Because I had been on a plane before the trip was boring.

When we arrived in Darwin my unclue came and took us to my great-grandmas house.

It was boiling hot in Darwin and it was only after we left we found out there was a swimming pool.

Then we went to Melbourne.


MELBOURNE

When we first came to Melbourne we stayed with my uncle in Deer Park, but not for long.

Then we came to the Richmond flats to live with my mum’s family.

For two-and-a-half years ten of us lived in the one flat.

Sometimes my cousins stayed and that made 12 in all.

Then we went to Brisbane to visit relatives for two weeks.

Afterwards, we went to Sydney for two weeks to visit our relatives there also.
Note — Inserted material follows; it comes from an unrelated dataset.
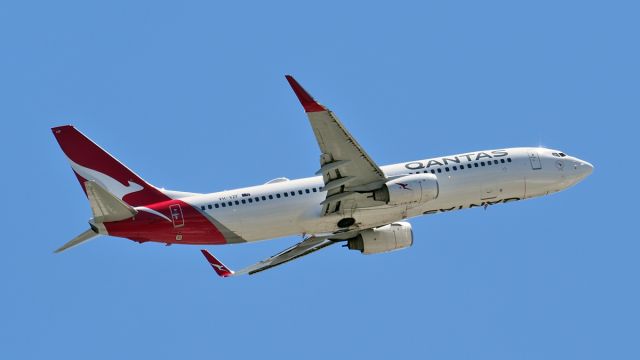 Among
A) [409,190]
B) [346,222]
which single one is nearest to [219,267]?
[346,222]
Then we went back to Melbourne.

We have now celebrated Christmas in Australia three times – once in Sydney and twice in Melbourne.


MAY 2004

Now I am in Grade Five at St John’s Catholic Primary School in East Melbourne.

But for two-and-a-half years I went to Richmond West Primary school.

I like St John’s - when I went there I improved a lot.

At Richmond West we started work but never finished it. At St John’s we have to finish our work before we go out and play.


TODAY

I like living in Australia.

Sometimes my dad goes fishing at the big bridge behind the city.

When he catches fish, he brings them home straight away and my mum cooks them.

They are fresh and tasty.

Last year, I caught a pink fish. It was flipping and going everywhere.

Mum took out all the guts and cooked it.

It was yummy.

I am still East Timorese, but once I have been in Australia for a while I will call myself Australian.